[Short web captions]
____________

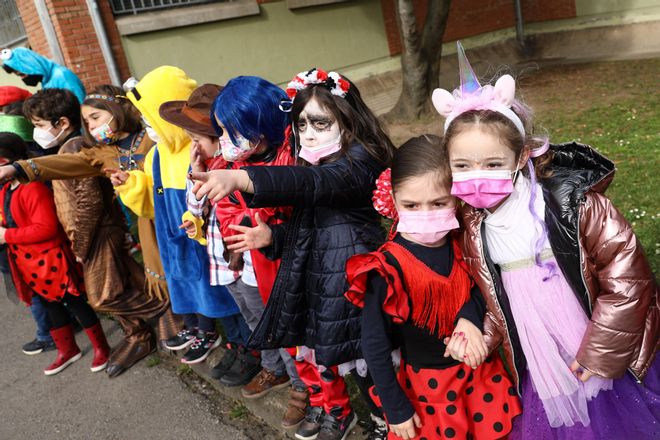 La celebración del carnaval en el colegio Begoña de Gijón, en imágenes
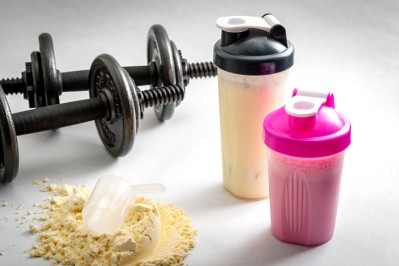 The range includes whey protein isolates and concentrates, mass gainers, and pre- and post-workout formulas. ©Getty Images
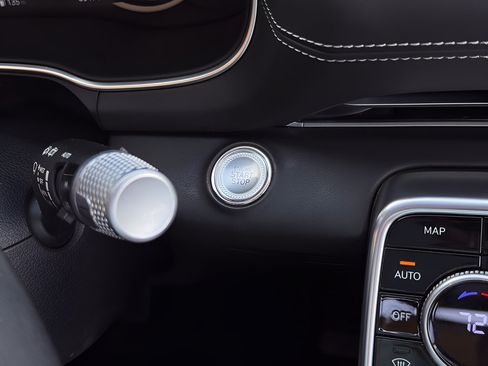 Used 2021 Genesis GV80 2.5T w/ Advanced Package 02 AWD/4WD image 17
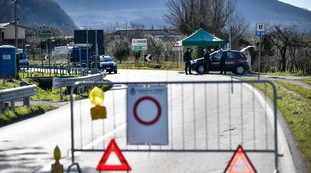 Coronavirus, morti in ospizio: in Emilia Romagna i dati peggiori, ma la Lombardia è sotto inchiesta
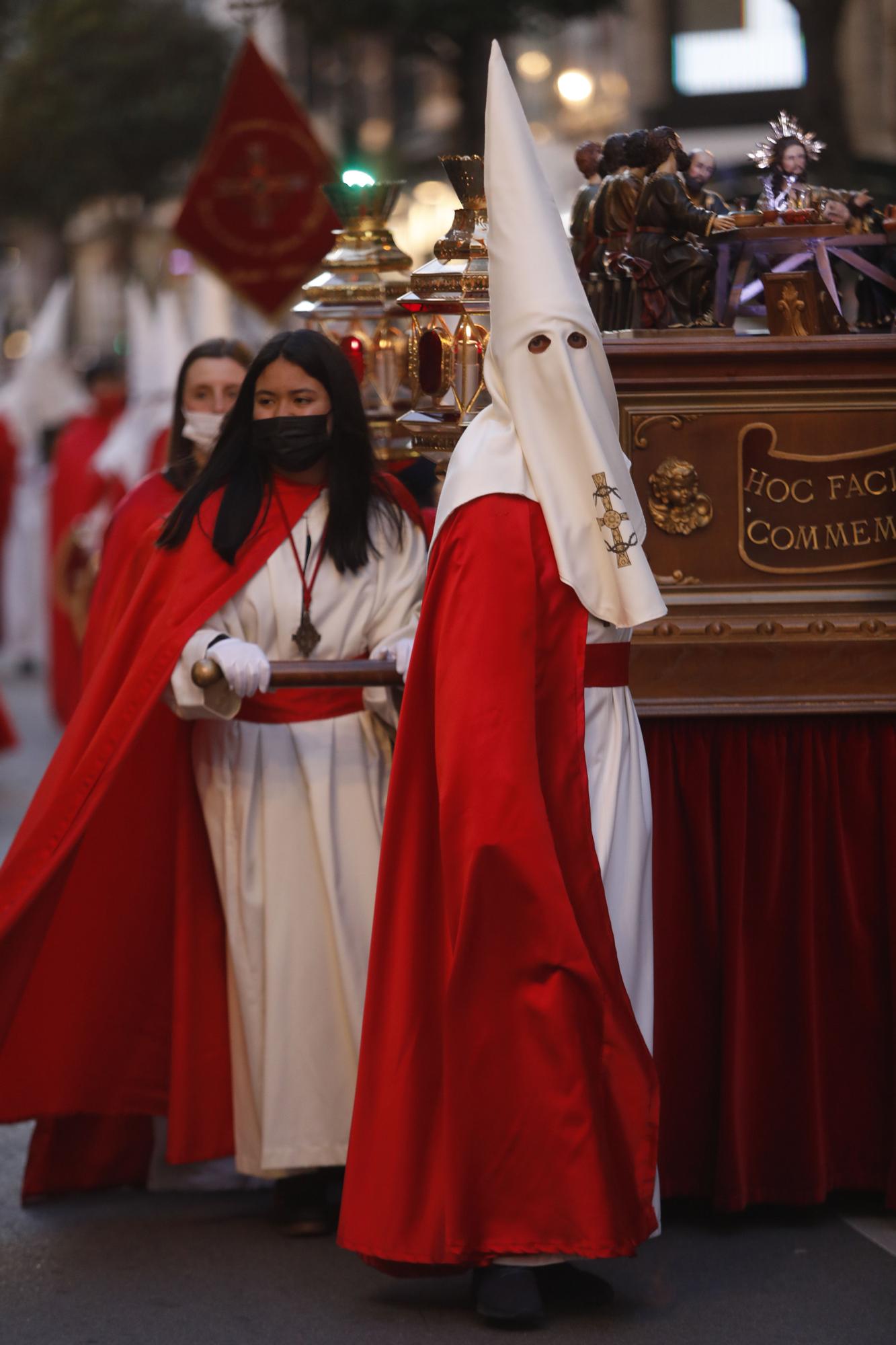 EN IMÁGENES: La imagen de Jesús Cautivo vuelve a recorrer las calles de Oviedo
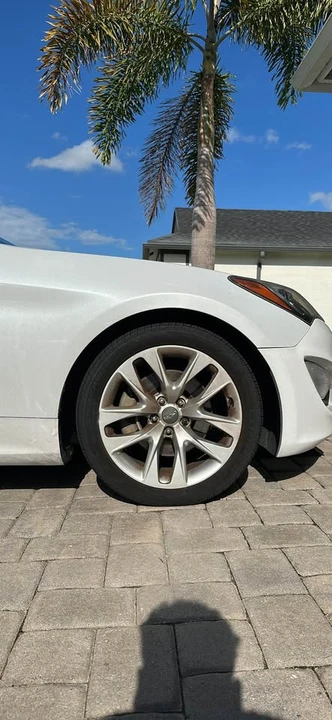 2014 Hyundai Genesis Coupe - Image 2 of 10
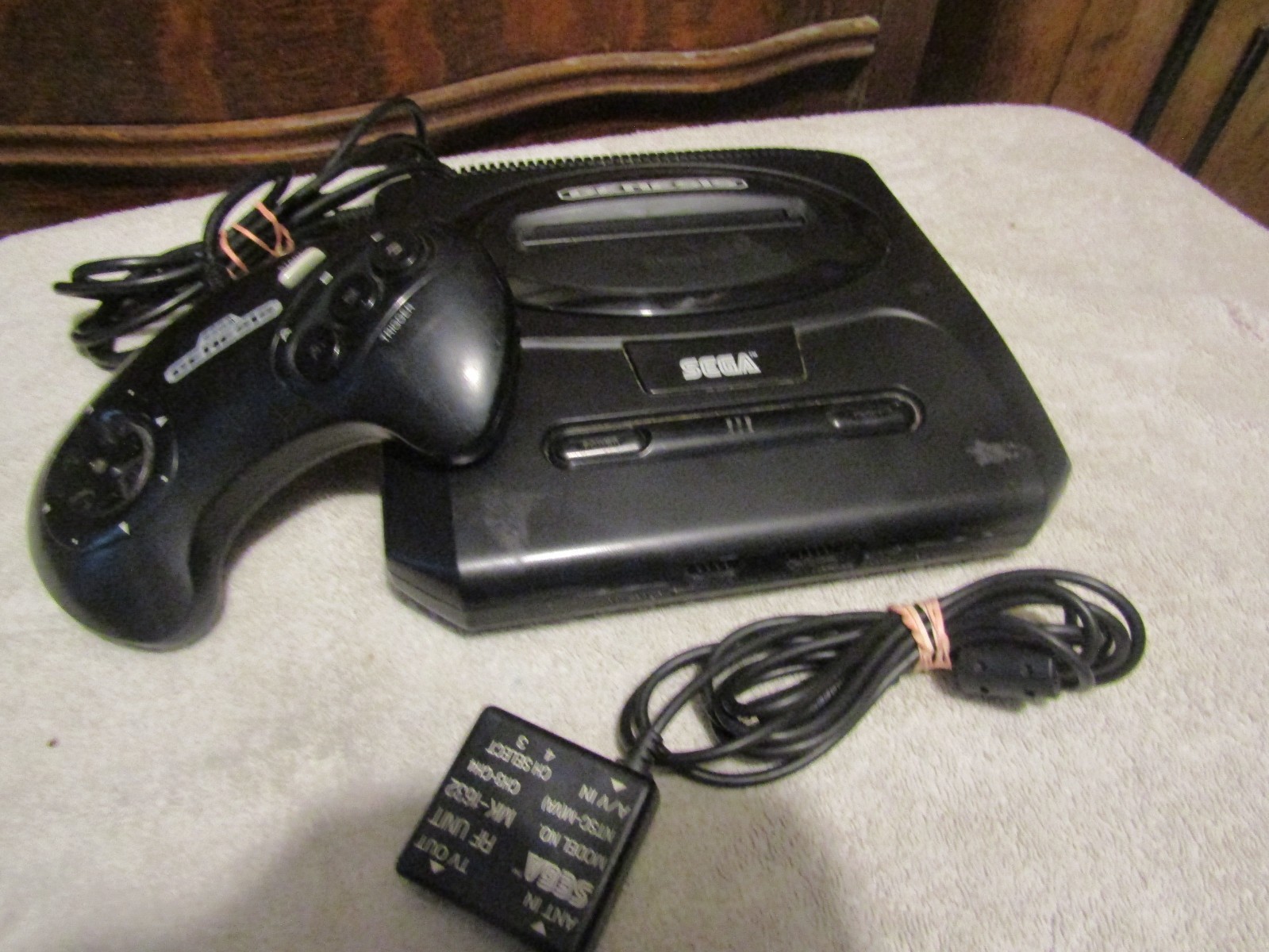 SEGA Genesis Model MK-1631 Video Game System 1 controller/rf unit UNTESTED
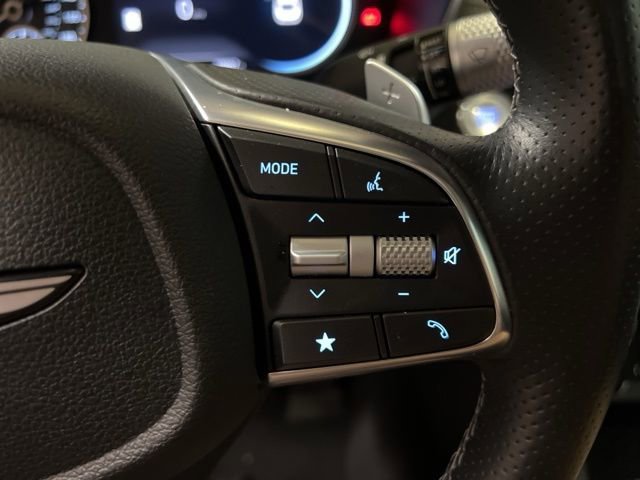 Used 2025 Genesis G70 2.5T image 36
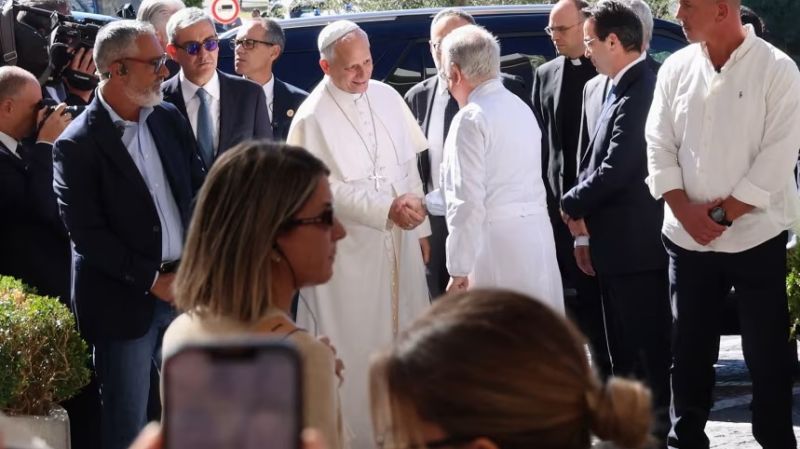 El papa León XIV se recupera satisfactoriamente tras cirugía por tumor pulmonar en Roma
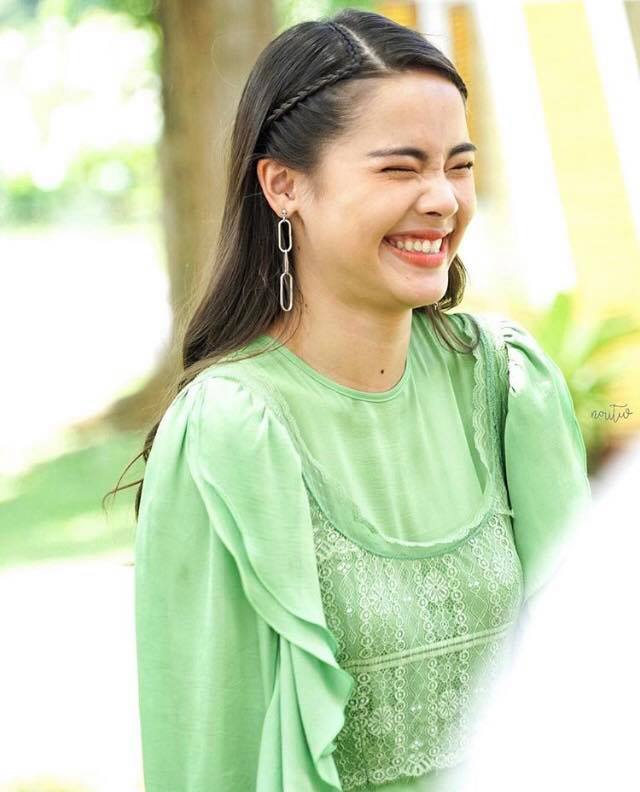 Urassaya Sperbund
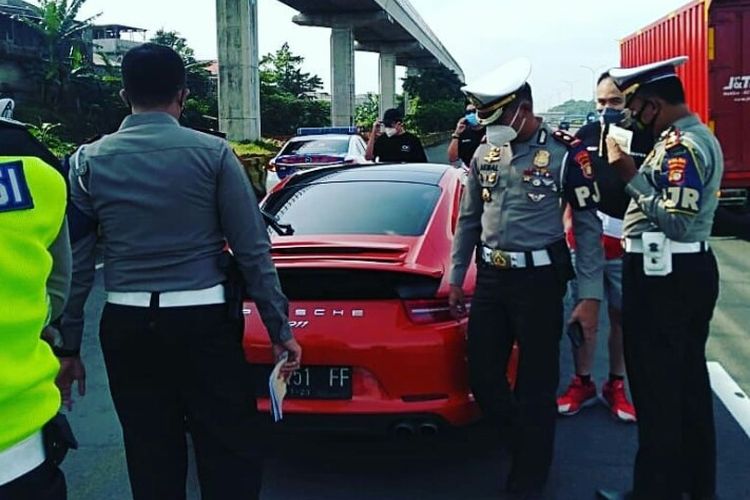 Video yang memperlihatkan seorang pengendara mobil sport diberhentikan dan ditindak oleh polisi viral di media sosial.Penindakan itu dilakukan di Off Ramp Taman Mini Indonesia Indah (TMII), Jakarta Timur, pada Jumat (12/3/2021), kemarin. Foto: instagram @satpjr_poldametrojaya/Kompas.com)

____________

■ **YOUR GOAL**: Reproduce every record word for word. The copy must contain no pictures.

■ **RESULT**:
 La celebración del carnaval en el colegio Begoña de Gijón, en imágenes
 The range includes whey protein isolates and concentrates, mass gainers, and pre- and post-workout formulas. ©Getty Images
 Used 2021 Genesis GV80 2.5T w/ Advanced Package 02 AWD/4WD image 17
 Coronavirus, morti in ospizio: in Emilia Romagna i dati peggiori, ma la Lombardia è sotto inchiesta
 EN IMÁGENES: La imagen de Jesús Cautivo vuelve a recorrer las calles de Oviedo
 2014 Hyundai Genesis Coupe - Image 2 of 10
 SEGA Genesis Model MK-1631 Video Game System 1 controller/rf unit UNTESTED
 Used 2025 Genesis G70 2.5T image 36
 El papa León XIV se recupera satisfactoriamente tras cirugía por tumor pulmonar en Roma
 Urassaya Sperbund
 Video yang memperlihatkan seorang pengendara mobil sport diberhentikan dan ditindak oleh polisi viral di media sosial.Penindakan itu dilakukan di Off Ramp Taman Mini Indonesia Indah (TMII), Jakarta Timur, pada Jumat (12/3/2021), kemarin. Foto: instagram @satpjr_poldametrojaya/Kompas.com)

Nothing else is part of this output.